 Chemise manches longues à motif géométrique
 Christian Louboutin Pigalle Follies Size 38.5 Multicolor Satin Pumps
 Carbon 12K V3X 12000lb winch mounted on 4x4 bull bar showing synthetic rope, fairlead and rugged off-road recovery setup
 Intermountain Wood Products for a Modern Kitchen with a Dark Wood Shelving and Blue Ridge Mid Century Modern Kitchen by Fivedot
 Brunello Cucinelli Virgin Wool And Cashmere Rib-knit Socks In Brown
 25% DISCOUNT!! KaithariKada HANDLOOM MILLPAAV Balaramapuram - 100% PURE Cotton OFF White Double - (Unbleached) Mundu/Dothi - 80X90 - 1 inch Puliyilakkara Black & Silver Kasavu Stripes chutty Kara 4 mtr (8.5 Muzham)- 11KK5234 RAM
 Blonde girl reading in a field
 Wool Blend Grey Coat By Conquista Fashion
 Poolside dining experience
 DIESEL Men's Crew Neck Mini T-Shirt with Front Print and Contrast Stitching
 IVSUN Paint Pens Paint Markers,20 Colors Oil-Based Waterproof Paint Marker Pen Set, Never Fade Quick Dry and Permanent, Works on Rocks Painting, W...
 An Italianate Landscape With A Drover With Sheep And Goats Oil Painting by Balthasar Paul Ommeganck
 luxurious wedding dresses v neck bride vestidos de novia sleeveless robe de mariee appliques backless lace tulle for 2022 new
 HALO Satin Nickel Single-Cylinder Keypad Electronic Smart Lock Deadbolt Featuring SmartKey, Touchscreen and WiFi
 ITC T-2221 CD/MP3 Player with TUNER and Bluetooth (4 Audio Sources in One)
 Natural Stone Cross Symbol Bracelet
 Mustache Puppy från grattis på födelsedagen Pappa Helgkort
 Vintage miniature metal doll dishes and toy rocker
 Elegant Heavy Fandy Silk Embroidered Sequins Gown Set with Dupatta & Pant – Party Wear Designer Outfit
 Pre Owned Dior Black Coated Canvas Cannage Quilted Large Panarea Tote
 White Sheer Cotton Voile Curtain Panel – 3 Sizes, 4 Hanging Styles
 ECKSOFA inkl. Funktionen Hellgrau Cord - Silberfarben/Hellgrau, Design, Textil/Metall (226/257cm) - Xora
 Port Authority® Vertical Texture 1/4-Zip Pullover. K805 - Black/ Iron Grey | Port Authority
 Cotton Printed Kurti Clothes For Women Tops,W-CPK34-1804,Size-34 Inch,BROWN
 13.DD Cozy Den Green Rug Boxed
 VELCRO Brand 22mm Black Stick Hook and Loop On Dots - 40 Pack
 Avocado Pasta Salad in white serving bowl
---+---
> **REQUIRED ACTION**
Everything from the line with "Mustache Puppy från" down to the last line of the data above should be returned exactly, with both ends kept and nothing added.

> **YOUR RESPONSE**
 Mustache Puppy från grattis på födelsedagen Pappa Helgkort
 Vintage miniature metal doll dishes and toy rocker
 Elegant Heavy Fandy Silk Embroidered Sequins Gown Set with Dupatta & Pant – Party Wear Designer Outfit
 Pre Owned Dior Black Coated Canvas Cannage Quilted Large Panarea Tote
 White Sheer Cotton Voile Curtain Panel – 3 Sizes, 4 Hanging Styles
 ECKSOFA inkl. Funktionen Hellgrau Cord - Silberfarben/Hellgrau, Design, Textil/Metall (226/257cm) - Xora
 Port Authority® Vertical Texture 1/4-Zip Pullover. K805 - Black/ Iron Grey | Port Authority
 Cotton Printed Kurti Clothes For Women Tops,W-CPK34-1804,Size-34 Inch,BROWN
 13.DD Cozy Den Green Rug Boxed
 VELCRO Brand 22mm Black Stick Hook and Loop On Dots - 40 Pack
 Avocado Pasta Salad in white serving bowl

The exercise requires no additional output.